Soluciones para la sobreproducción de leche

  • Aliviar la presión: Extraiga a mano o con un sacaleches la leche del otro pecho para aliviar la presión, pero solo en pequeñas cantidades. Cada vez que se extrae la leche, los niveles de prolactina aumentan y se produce más leche, por lo que este método solo debe realizarse bajo supervisión profesional.
  • Dar el pecho en una posición recostada o acostada: El bebé está colocado de tal manera que la gravedad ralentiza el flujo de leche.
  • Tomas en bloque: Este método ofrece una manera fácil de normalizar la producción de leche y de tratar los síntomas, tanto en la madre como en el niño.

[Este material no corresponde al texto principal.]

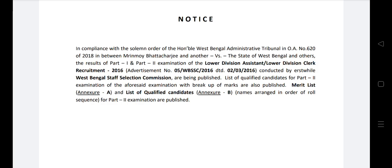The results of Part 1 and Part 2 examination of the Lower Division Assistant and Lower Division Clerk recruitment are being published. A list of qualified candidates for Part 2 examination, with breakup of their marks, is also published. The Merit List and List of Qualified Candidates, Annexure B, with names arranged in roll number sequence, are published.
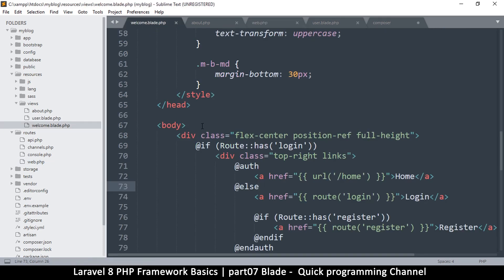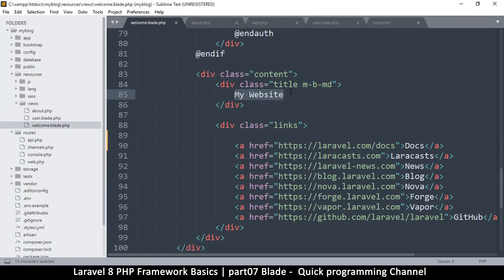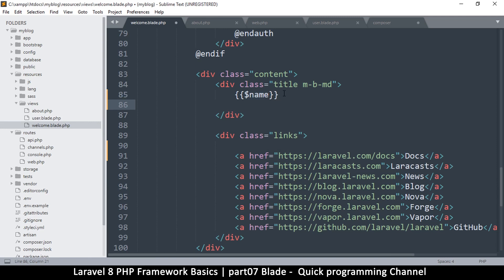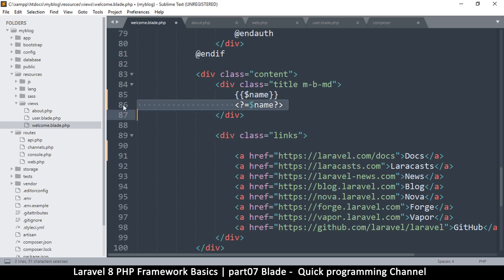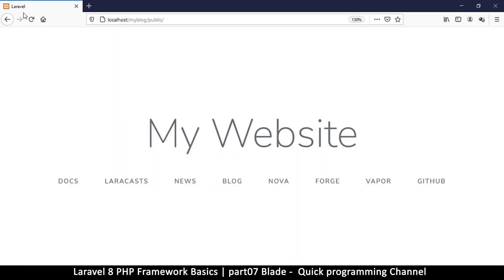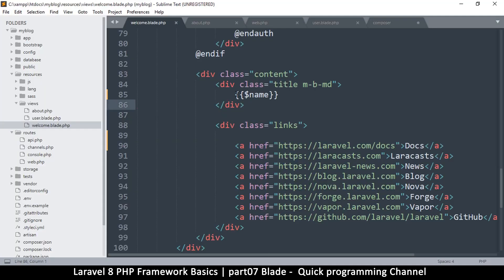If I go to welcome.blade.php, I can replace the text with double braces and put my variable in there: {{ name }}. Normally you would write <?php echo $name; ?> or use the short echo tag, but with Blade you can do it this way without opening and closing PHP tags. Let me refresh the page — and you see we have 'Peter' there as the variable that was sent.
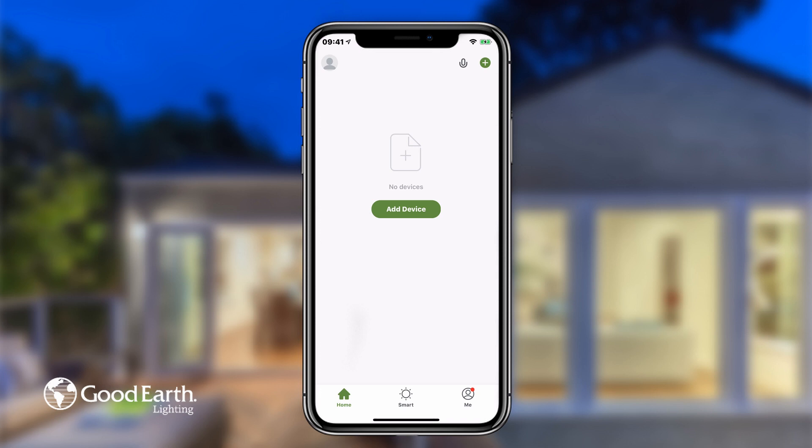This is the home screen. You can control all of your Good Earth smart lighting from this page. However, before we add some devices, we're going to create a home. Creating a home allows you to organize your smart lighting into different rooms. This is especially helpful if you have lots of smart lighting.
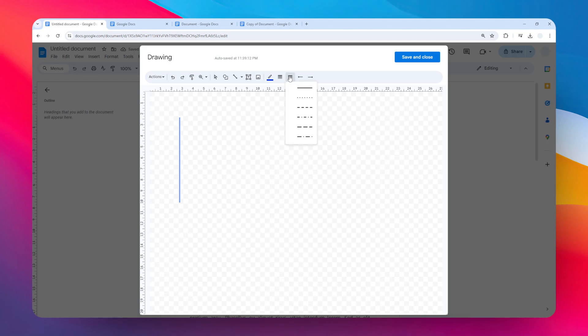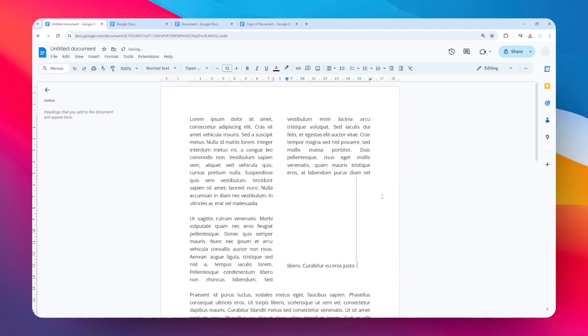You can change the thickness, you can change the style, and there are many other customization options available. When you're done, click Save and Close. Now we have this line.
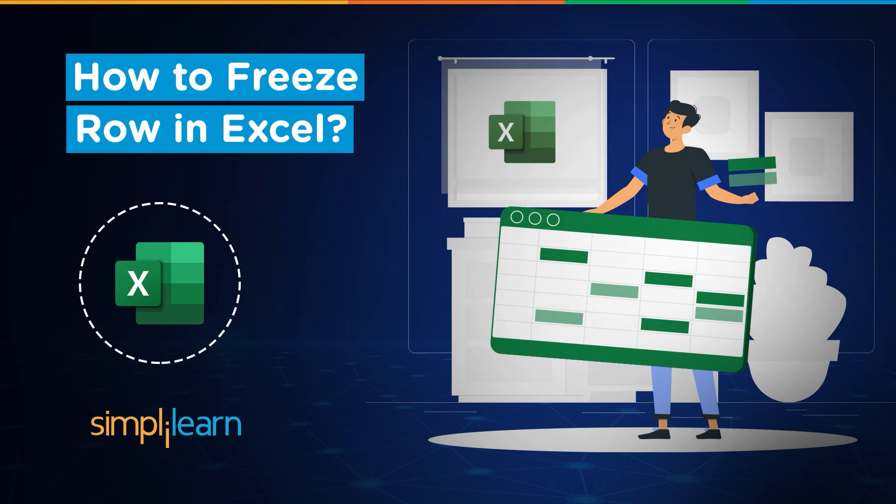Hey everyone, welcome to Simply Learn's YouTube channel. In this session we will be learning about how to freeze rows or columns in Excel. But before we begin, let me tell you guys that we have daily updates on multiple technologies.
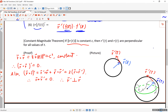We also proved the constant magnitude theorem — we didn't give it that name when we first learned it. If a vector-valued function R has constant magnitude c, then R prime and R are perpendicular (orthogonal) to each other. A proof was done in another video. If the magnitude of R is constant, the vector moves around a circle, and the velocity vector is always tangent to that circle.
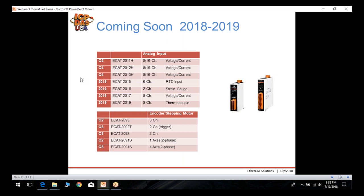Here's a list of products we already have scheduled. The ECAT 2011H is already released. Coming soon are additional analog input modules accepting both voltage and current inputs, as well as RTD, strain gauge, and thermocouple modules coming early next year. On the motor control and encoder side, we have a few products coming out very soon.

Debe ser controlado y supervisado por una asesora de lactancia cualificada, IBCLC o una profesional de la salud con amplios conocimientos de lactancia. Se trata de amamantar de un pecho durante bloques de tiempo de 3 horas (± 30-60 minutos) para drenarlo completamente. Esto permite que el otro pecho permanezca lleno durante un tiempo determinado y que, por lo tanto, disminuya la producción de leche gracias al factor inhibidor de la lactancia (FIL), la proteína de la leche materna que envía un mensaje a la prolactina para disminuir la producción de leche.

Consideraciones Finales

La práctica y la paciencia que en ocasiones requiere la lactancia valen la pena. El goteo de leche suele ser muy incómodo, dificultando las interacciones sociales. Más importante aún, el goteo es a menudo una señal de que los pechos están demasiado llenos y que necesitan ser vaciados.

Muchas mujeres pueden enfrentarse a problemas en su viaje de la lactancia materna, pero, con el apoyo y el asesoramiento correctos, la mayoría de las madres pueden lograr sus objetivos.